• _Directions_
Return nothing but the lines from the one with "Prodej domu 199" through the one with "1130 Sw Indian Ave, Redmond" in the data below, word for word and without pictures.

• _Entries supplied_
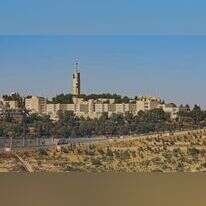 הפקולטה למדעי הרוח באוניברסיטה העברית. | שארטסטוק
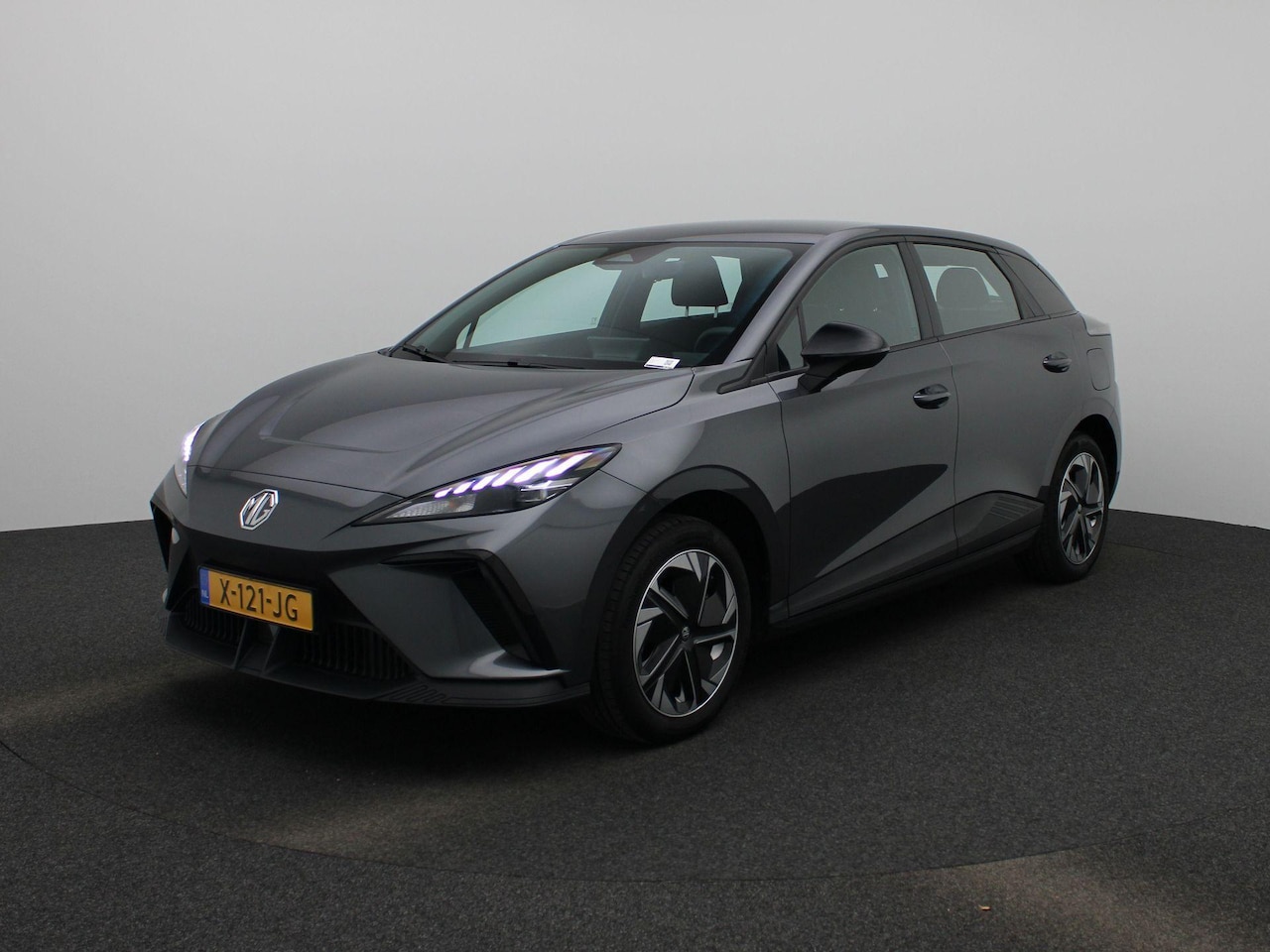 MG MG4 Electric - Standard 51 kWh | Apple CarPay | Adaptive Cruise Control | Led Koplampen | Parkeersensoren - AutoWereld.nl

...

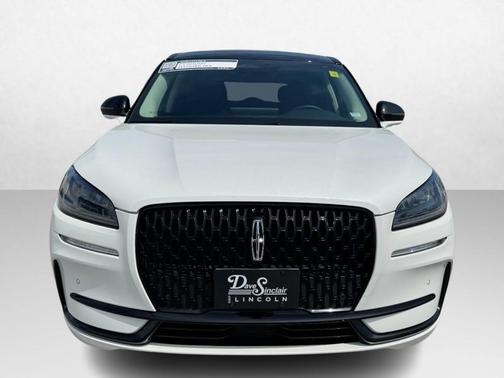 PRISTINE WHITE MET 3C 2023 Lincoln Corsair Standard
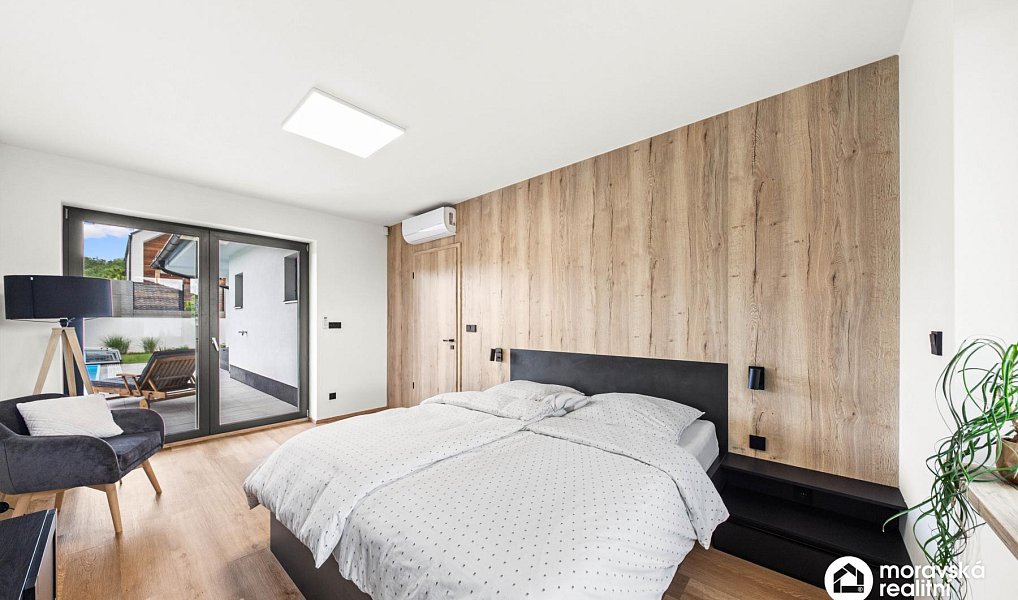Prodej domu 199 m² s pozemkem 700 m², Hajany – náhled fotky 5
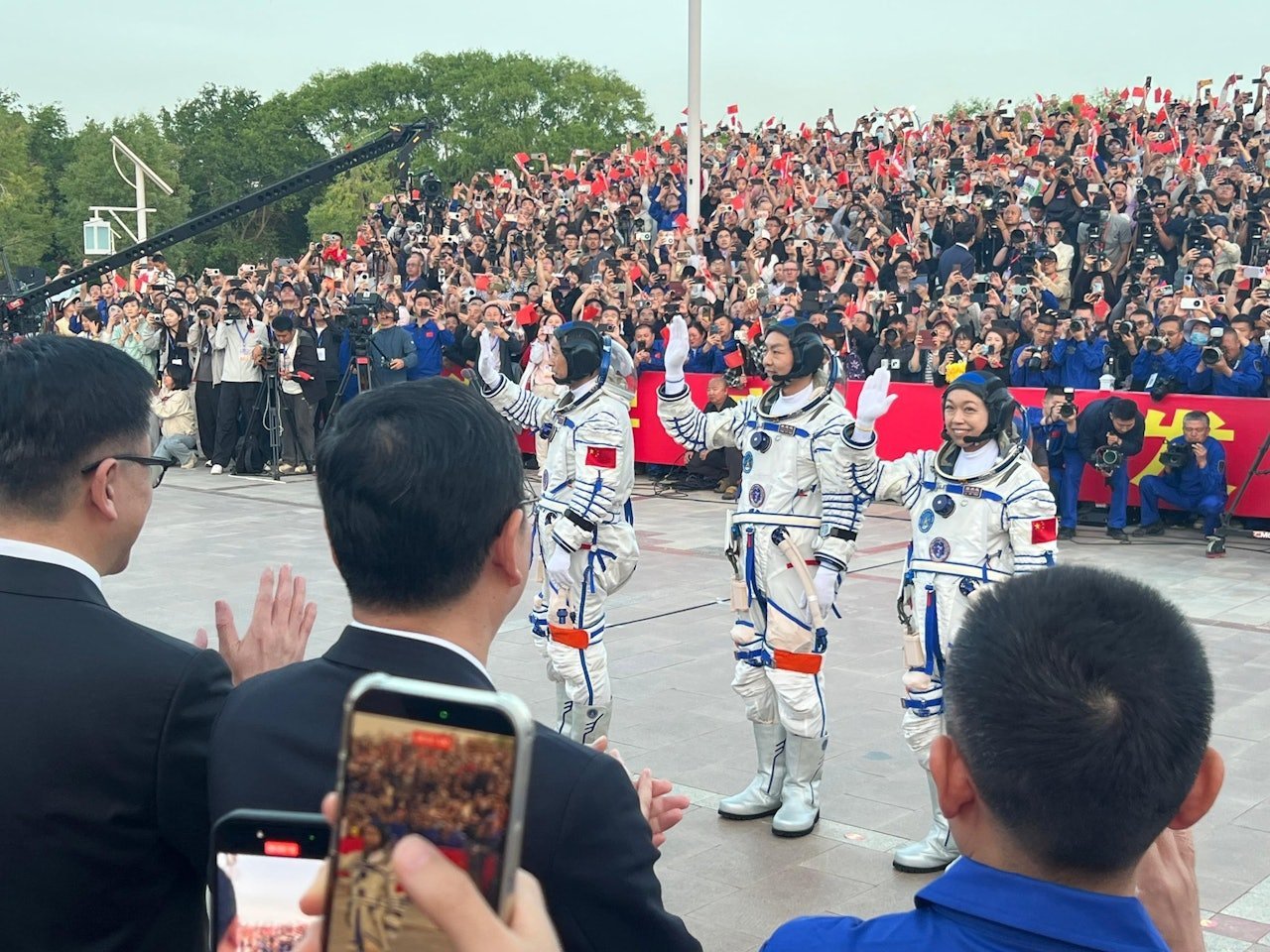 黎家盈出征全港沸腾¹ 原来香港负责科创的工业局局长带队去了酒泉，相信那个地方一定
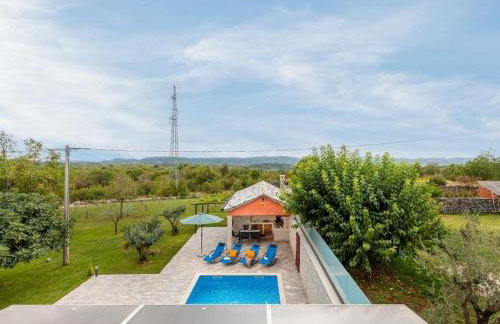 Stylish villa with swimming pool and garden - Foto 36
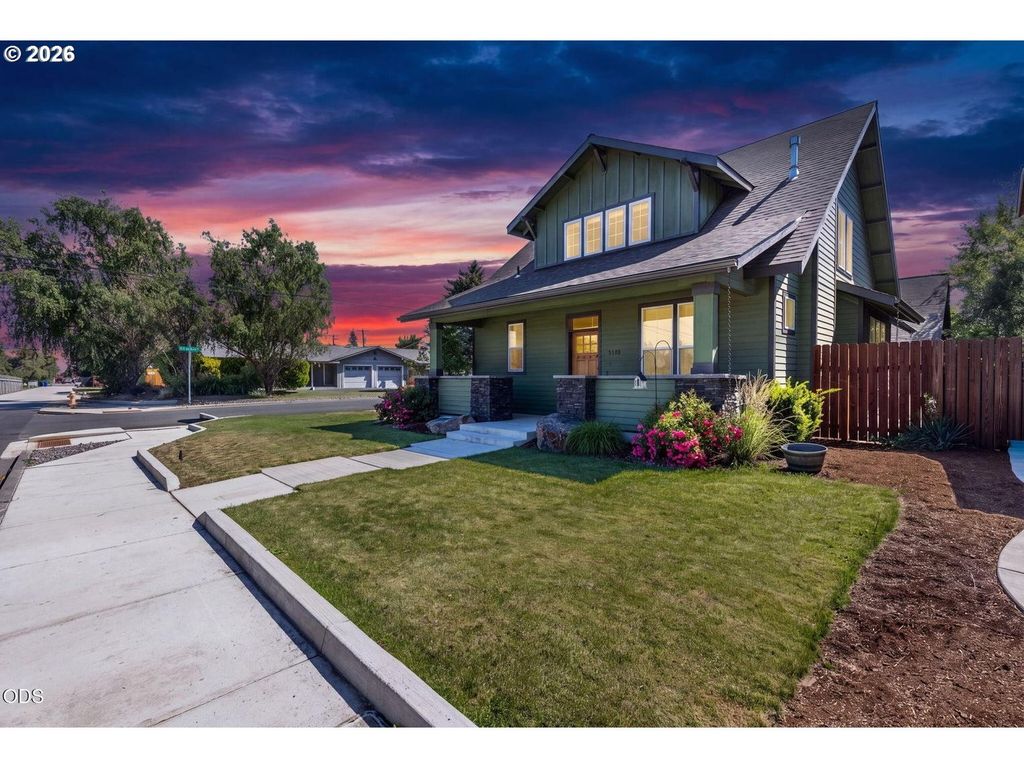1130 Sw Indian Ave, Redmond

• _Completed task_
Prodej domu 199 m² s pozemkem 700 m², Hajany – náhled fotky 5
 黎家盈出征全港沸腾¹ 原来香港负责科创的工业局局长带队去了酒泉，相信那个地方一定
 Stylish villa with swimming pool and garden - Foto 36
1130 Sw Indian Ave, Redmond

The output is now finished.